Improve selection quality by removing connections within the distance d from each other.

Parameters:
  • selection (DataFrame) – Dataframe of the connections selected by dhd.connect.first_selection.
  • r (float) – Minimal distance between two conections to the same terminal.
Returns:

Dataframe of the possible connections to the considered terminal. The columns are identical to those of selection.

Return type:

DataFrame

dhd.connect.set_default_weight_to_length(vertices)[source]

Add weight column to the dataframe vertices with element equal to the length of the associated geometry ; in-place.

Parameters:vertices (DataFrame) – Dataframe of the vertices.
dhd.connect.set_line_coordinates(vertices)[source]

Add coordinates columns (‘xA’,’xB’,’yA’,’yB’) to the dataframe vertices ; in-place.

The end node coordinates of each geometry (edge) of vertices are computed and stored in their associated column (first end -> ‘A’, second end -> ‘B’).
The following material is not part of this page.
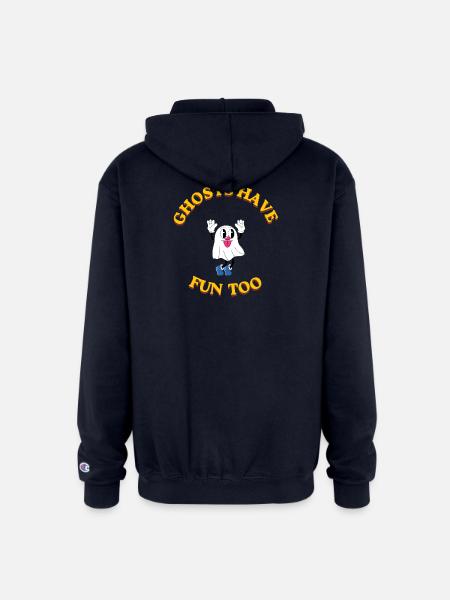 Ghosts Have Fun Too - Champion Unisex Full Zip Hoodie - navy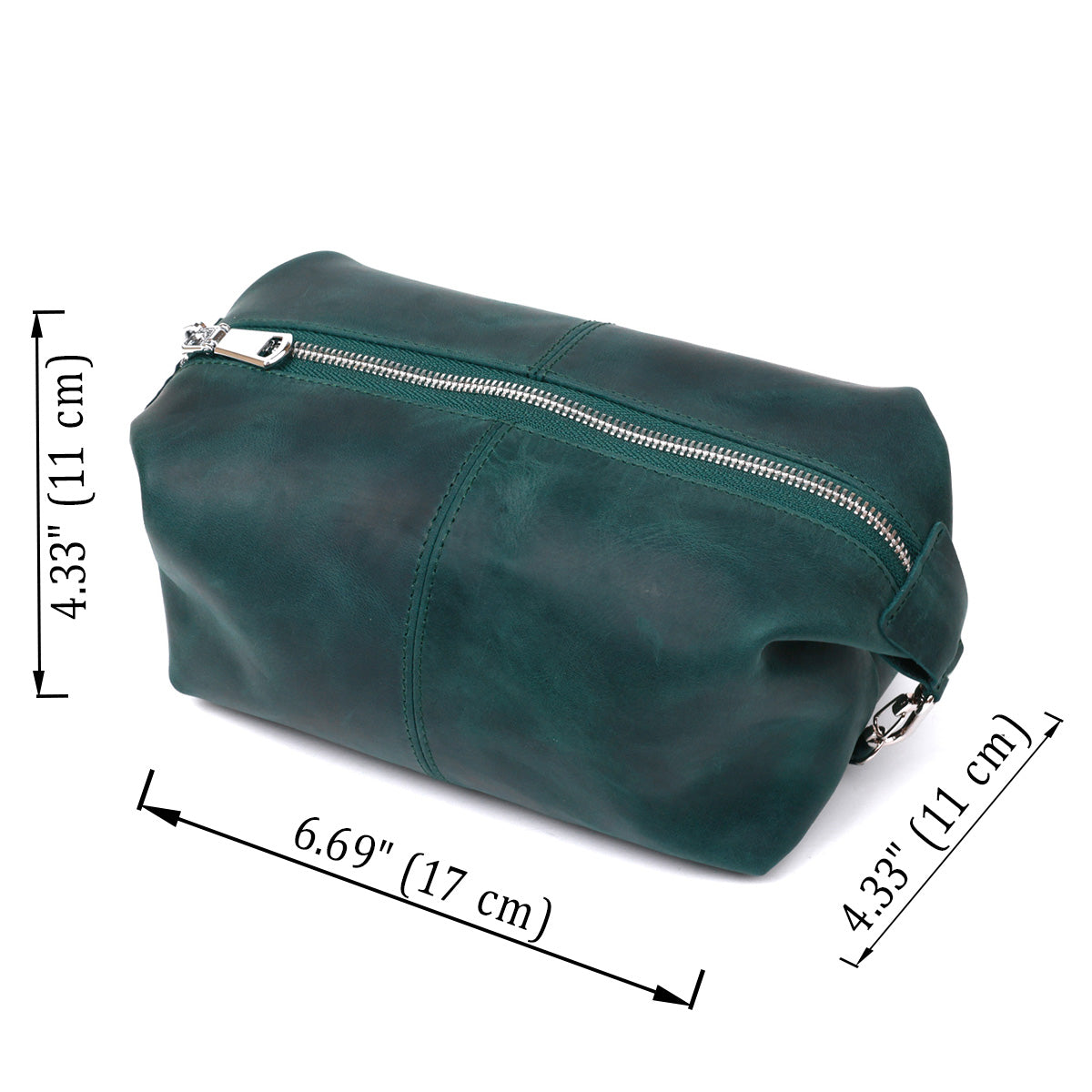 Leather Matte Cosmetic Bag SHVIGEL 16399 Green Natural Leather Ukraine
Parameters:vertices (DataFrame) – Dataframe of the vertices.
dhd.connect.sort_lines(line1, line2, coords)[source]

Sort line1 and line2 such that the first line has either its first points equal to coords or its last point equal to coords.

Parameters:
  • line1 (LineString) – Geometry of the first line of the splitted edge.
  • line2 (LineString) – Geometry of the second line of the splitted edge.
  • coords (tuple) – Coordinates of the edge end ‘A’.
Returns:

  • LineString – Line with one end equal to the edge end ‘A’,
  • LineString – Line with one end equal to the edge end ‘B’.

dhd.connect.split_line(l, p, eps=0.1)[source]
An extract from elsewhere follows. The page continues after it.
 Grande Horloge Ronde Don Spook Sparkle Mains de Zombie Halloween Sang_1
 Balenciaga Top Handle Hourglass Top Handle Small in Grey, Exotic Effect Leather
Split the LineString l in two at a the Point p on the line.

Parameters:
  • l (LineString) – Vertex edge to split at the connection point.
  • p (Point) – Connection point on the vertex edge.
  • eps (float, optional) – Distance under which two points are considered identical. Default is 0.1 m.
Returns:

  • LineString – Geometry of the first line,
  • LineString – Geometry of the second line.
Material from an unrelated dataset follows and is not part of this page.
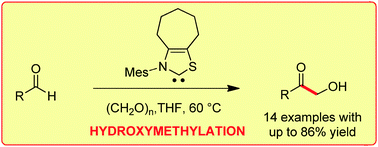 Graphical abstract: Direct and efficient N-heterocyclic carbene-catalyzed hydroxymethylation of aldehydes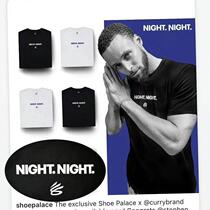 Currys same style NIGHT NIGHT t-shirt Curry logo basketball training team uniform Good Night pure cotton round neck short sleeves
dhd.connect.update_edges(vertices, connection, vertex, coords, idC, func)[source]

Update the graph edges in vertices according to the new connection on the considered vertex ; in-place.

This function is only called when the parent edge is splitted in two child edges. The parent edge is removed and the child edges are appended.

Parameters:
  • vertices (DataFrame) – Dataframe of the vertices.
  • connection (Series) – Row of the dataframe connections obtained with the function dhd.connect.second_selection.
  • vertex (Series) – Row of the dataframe vertices.
  • coords (dict) – Tuple coordinates of the connection edge ends (‘A’ and ‘B’), the terminal (‘T’) and the connection point on the vertex edge (‘C’).
  • idC (str) – Index of the new connection.
  • func (function) – Function of the connection length returning its weight.
dhd.connect.update_graph(vertices, terminal, connections, func)[source]

Add the possible connections to the given terminal into the dataframe vertices ; in-place.

The list associated to the given terminal in the dataframe terminals are appended by each possible connection. Also the rows of the dataframe vertices are modified to coincide with the new graph when a connection occurs on a parent edge splitted in two child edges.

Parameters:
  • vertices (DataFrame) – Dataframe of the vertices.
  • vertex (Series) – Row of the dataframe vertices.
  • connections (DataFrame) – Dataframe of the possible connections to the considered terminal, obtained from the function dhd.connect.second_selection.
  • func (function) – Function of the connection length returning its weight.